+++ Task inputs +++

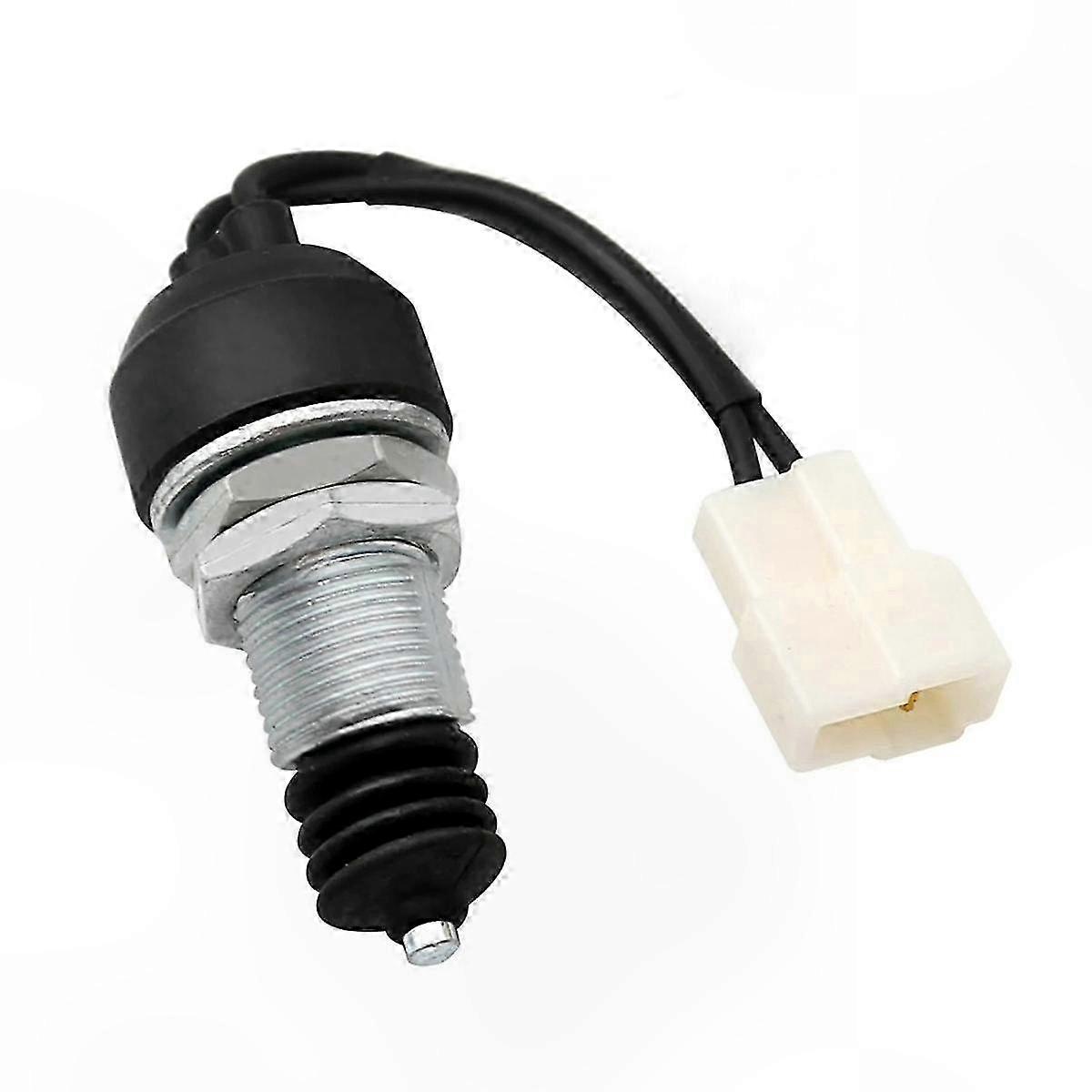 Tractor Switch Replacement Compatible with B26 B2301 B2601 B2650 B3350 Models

+++
+++ Task inputs +++

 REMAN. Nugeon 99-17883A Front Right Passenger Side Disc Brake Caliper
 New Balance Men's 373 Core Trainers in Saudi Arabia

+++

» **What to produce**
Please give back exactly the lines of this listing beginning at the line with "REMAN. Nugeon 99-17883A" and ending with the line with "New Balance Men's", both included, and nothing else.

» **Answer for the task**
 REMAN. Nugeon 99-17883A Front Right Passenger Side Disc Brake Caliper
 New Balance Men's 373 Core Trainers in Saudi Arabia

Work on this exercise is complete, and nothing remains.